For decades, the standard approach to bone loss has been surgical intervention—grafts, membranes, growth factors. These methods can work, but they're invasive, unpredictable, and fundamentally misaligned with how bone actually regenerates.
Bone is not a static tissue. It's a living, dynamic structure that constantly remodels itself in response to mechanical stress. This isn't a new discovery—Julius Wolff described it in 1892. What's remarkable is that 130 years later, we still haven't built therapies around this principle.
The Physics of Bone
When you walk, chew, or move, mechanical forces travel through your skeleton. These forces generate tiny electrical signals through a phenomenon called piezoelectricity. Your bones convert pressure into voltage—and that voltage tells your body where to build new bone.
This is why astronauts lose bone mass in space. Without gravity, there's no mechanical loading. Without loading, there's no piezoelectric signal. Without the signal, osteoblasts don't know where to work.
The Gap We Saw
When my co-founder and I looked at the periodontal market, we saw a $30 billion problem with no good solutions. Over 40% of American adults have periodontal disease. The bone loss it causes is considered irreversible unless you undergo surgery—and even then, outcomes are inconsistent.

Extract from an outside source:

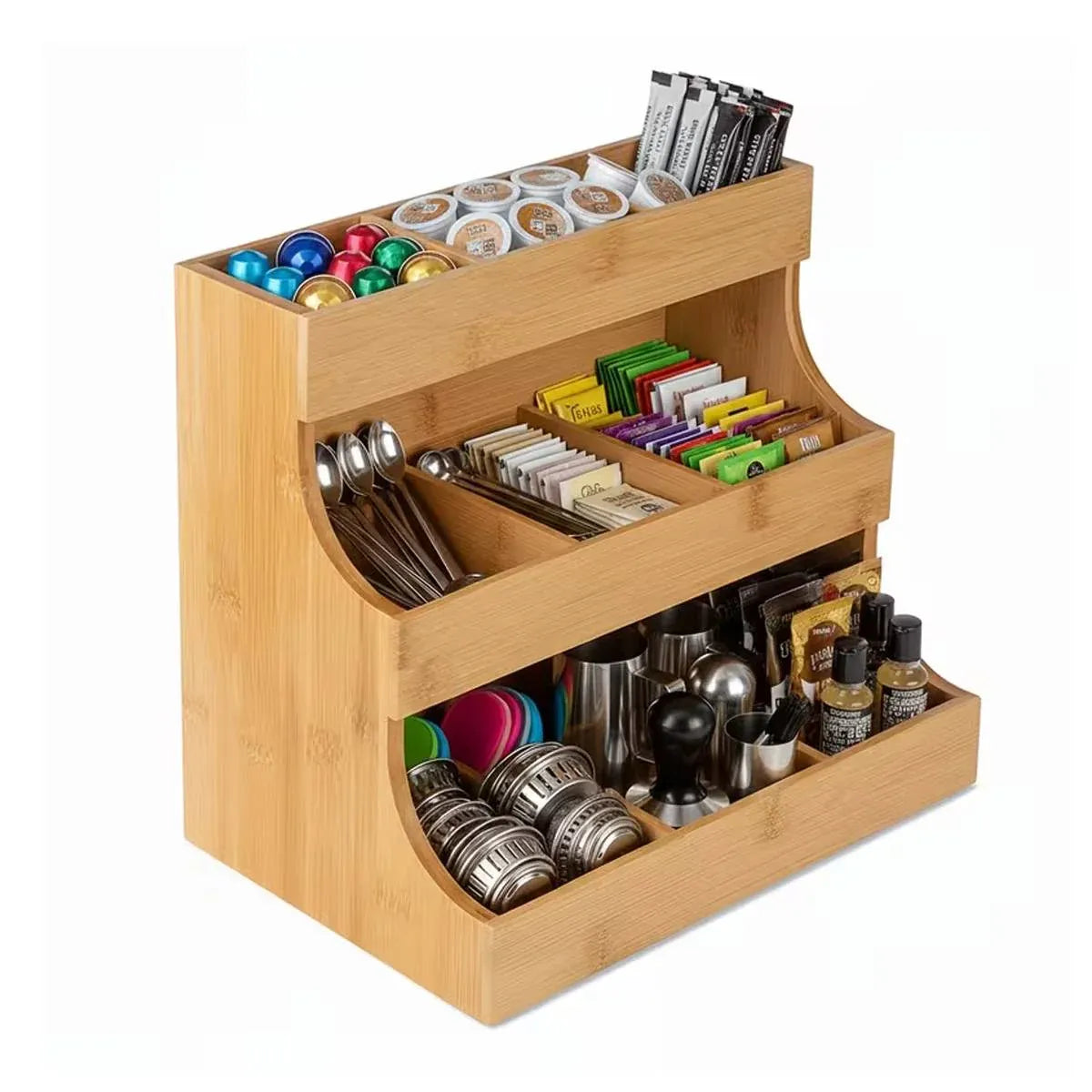 3 Tier Bamboo Storage Rack Tea Bag Coffee Pod Organizer For Countertop Kitchen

We asked: what if we could deliver a piezoelectric signal directly to the defect site? What if we could tell the body exactly where to regenerate bone, using its own mechanical energy as the power source?
Building the Platform
That question became Oral BioLife. Our piezoelectric regenerative platform doesn't add external drugs or biologics. It converts the natural micromotion of daily function—chewing, speaking, breathing—into localized bioelectrical signals that activate physiological bone formation.
The scaffold is biodegradable. The mechanism is endogenous. The regulatory pathway is clean.
What's Next
We've demonstrated 100% bone regeneration response in pre-clinical canine models. Our lead program, Ambrilux™ Dental Gel, is advancing toward first-in-human studies in 2026. And we're already exploring applications beyond periodontal disease—peri-implantitis, craniofacial defects, orthopedic indications.
Bone loss has been treated as irreversible for too long. We're building the platform to change that.